As banks and building societies tighten up their policies on lending money to aid financial crisis’s, more and more people are now looking to bridging lenders for help. However, as with all property law in the UK, obtaining a bridging loan in Scotland differs a lot more than elsewhere.
In this guide we outline all of the ins and outs of bridging loans in Scotland.
What are bridging loans and how do they differ in Scotland?
Bridging loans are designed to help people buy property where there is a lot of competition or a time restriction, so instead of waiting for lengthy mortgage applications or property chains, borrowers use bridging loans to borrow up to £25m within the space of two to three weeks.
In Scotland, bridging loans are provided for Scottish commercial properties and landlords that are building property portfolios in the UK. Applications are processed much faster than when applying for a high street mortgage as a sense of urgency is increased meaning loans can be approved in a few days.
Typically, bridging loans cover 70% of the value of a property however, in rare situations, the loan can cover the entire 100% of the value of the property.
When are bridging loans used?
Bridging loans can be used in a variety of different situations such as property investment, buy to let and property development.
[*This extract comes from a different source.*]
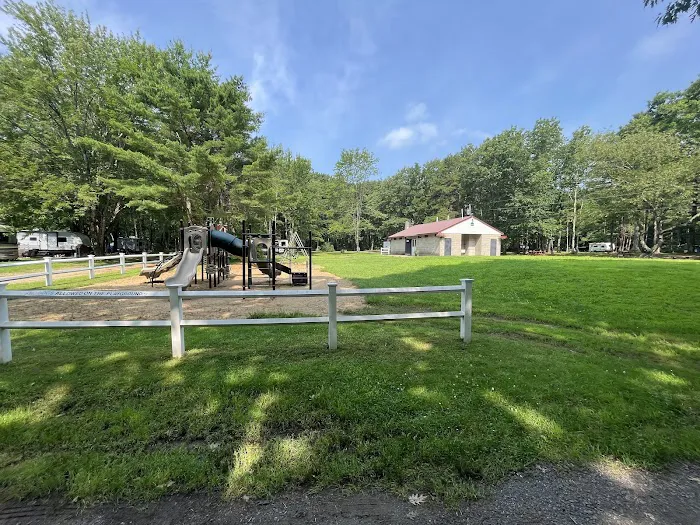 Coastal Woods Campground Picture 1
The popularity of bridging loans have increased tenfold in the past few years and is now being seen as a much simpler alternative to more mainstream lending schemes.
Why don’t more people use bridging loans over mainstream mortgages?
However, as tempting as these loans sound, you need to make sure that you have an exit strategy in place as rate for these loans are very high and they don’t allow as much time to pay off as a normal mortgage. Therefore you may want to look into getting a mainstream mortgage or potentially selling the property all together as bridging loans don’t give you the same long term solution as mainstream mortgages.
It is always important, when taking out any type of loan, that you properly research the ins and outs and see if it is actually the ‘perfect’ solution for your aims and financial capacity.
Who are bridging loans aimed at?
Bridging loans are generally aimed at landlords, amateur property developers and those purchasing in an auction. Basically, anyone whos looking for cash quickly, but not a long term solution.
How do bridging loans work?
Most bridging loans come in two ways – a closed bridging loan and a open bridging loan.
A closed bridging loan is aimed at borrowers that have completed the sale of a property however are just waiting on the finance to secure the transaction. These types of loans are much easier to get ahold of as there is next to no risk on the lender.
An open bridging loan is given in situations where the borrower has found a property that they now want to purchase instantly. This type of bridging loan is slightly harder to obtain as there is an increased risk on the lender due to the borrower not having much equity.
Where can I get a bridging loan?
If you are interested in applying for a bridging loan and feel as though you have all the knowledge you need then we advice that you go to an FCA regulated broker as they will give you all if the financial options you need and ones you probably haven’t even thought of!